29.7. The Cluster Storage Engine | MySQL 5.0 Certification Study Guide

The NDBCluster storage engine originally appeared in MySQL 4.1. Using the cluster engine is complex, and for the purposes of MySQL 5 certification you are not expected to know the details of how to set up and use NDBCluster. You are, however, expected to know the general properties of the cluster engine as compared to other storage engines.

In literature, you will see the two terms "NDB Cluster" (or just "NDB") and "MySQL Cluster." NDB Cluster refers to the cluster technology and is thus specific to the storage engine itself, whereas MySQL Cluster refers to a group of one or more MySQL servers that works as a "front end" to the NDB Cluster engine. That is, a MySQL Cluster consists of a group of one or more server hosts, each of which is usually running multiple processes that include MySQL servers, NDB management processes, and NDB database storage nodes. Cluster processes are also referred to as "cluster nodes" or just "nodes."

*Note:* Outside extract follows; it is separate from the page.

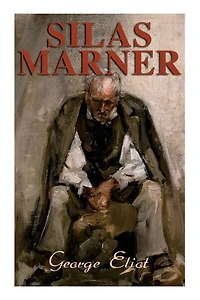 Silas Marner the Weaver of Raveloe: A Novel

The cluster engine does not run internally in MySQL Server, but is, instead, one or more separate processes running outside MySQL Server (perhaps even on different server hosts). In effect, MySQL Server provides the SQL interface to the cluster processes. From the perspective of the server, however, NDBCluster is just another storage engine, like the MyISAM and the InnoDB engines.

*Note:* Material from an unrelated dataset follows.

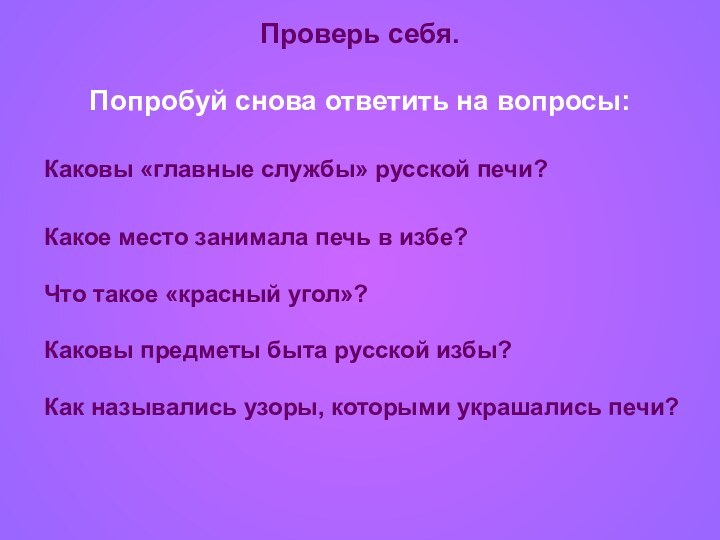 Проверь себя.  Попробуй снова ответить на вопросы:Каковы «главные службы» русской печи?Какое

NDB Cluster consists of several database processes (nodes) running on one or more physical server hosts. It manages one or more in-memory databases in a shared-nothing system. In-memory means that all the information in each database is kept in the RAM of the machines making up the cluster. (Updates are written to disk so that they are not lost if problems occur.) Shared-nothing means that the cluster is set up in such a way that no hardware components (such as disks) are shared among two nodes.

The NDB cluster engine is a transactional storage engine, like the InnoDB storage engine.

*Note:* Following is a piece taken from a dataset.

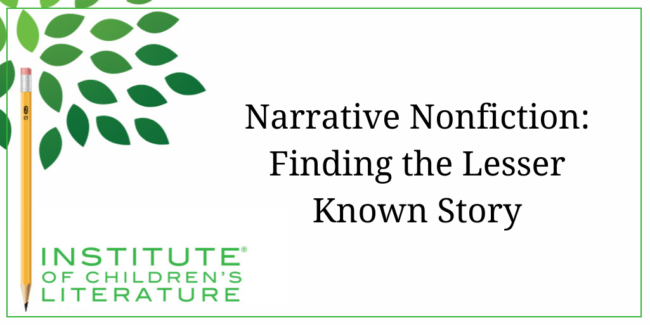 52121 ICL Narrative Nonfiction Finding the Lesser Known Story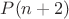 $P(n+2)$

The following list describes the main reasons to consider using MySQL Cluster:

High availability: All records are available on several nodes. If one node fails (for example, because the server host stops working), the same data can be gotten from another node. Spreading copies of the data across multiple nodes also makes it possible to have replicas of the data in two or more widely distributed locations.
Scalability: If the load becomes too high for the current set of nodes, extra nodes can be added and the system will reconfigure itself to make data available on more nodes, reducing the load on each individual node.
High performance: All records are stored in memory, making data retrieval extremely fast. This does not mean that information is lost if the cluster is shut down (as is the case for tables created with the MEMORY storage engine). All updates are written to disk, and are available when the cluster is restarted.